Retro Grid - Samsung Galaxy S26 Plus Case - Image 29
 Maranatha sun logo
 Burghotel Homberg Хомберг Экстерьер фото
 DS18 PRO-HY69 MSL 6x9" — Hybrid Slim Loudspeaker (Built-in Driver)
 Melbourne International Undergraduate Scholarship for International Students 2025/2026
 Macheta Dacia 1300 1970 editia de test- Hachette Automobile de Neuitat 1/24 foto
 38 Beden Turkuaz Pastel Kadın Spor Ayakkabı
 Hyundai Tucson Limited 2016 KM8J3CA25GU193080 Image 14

____

▸ **EXERCISE**: The records above are to be written out again word for word.

▸ **ANSWER TO THIS EXERCISE**:
Retro Grid - Samsung Galaxy S26 Plus Case - Image 29
 Maranatha sun logo
 Burghotel Homberg Хомберг Экстерьер фото
 DS18 PRO-HY69 MSL 6x9" — Hybrid Slim Loudspeaker (Built-in Driver)
 Melbourne International Undergraduate Scholarship for International Students 2025/2026
 Macheta Dacia 1300 1970 editia de test- Hachette Automobile de Neuitat 1/24 foto
 38 Beden Turkuaz Pastel Kadın Spor Ayakkabı
 Hyundai Tucson Limited 2016 KM8J3CA25GU193080 Image 14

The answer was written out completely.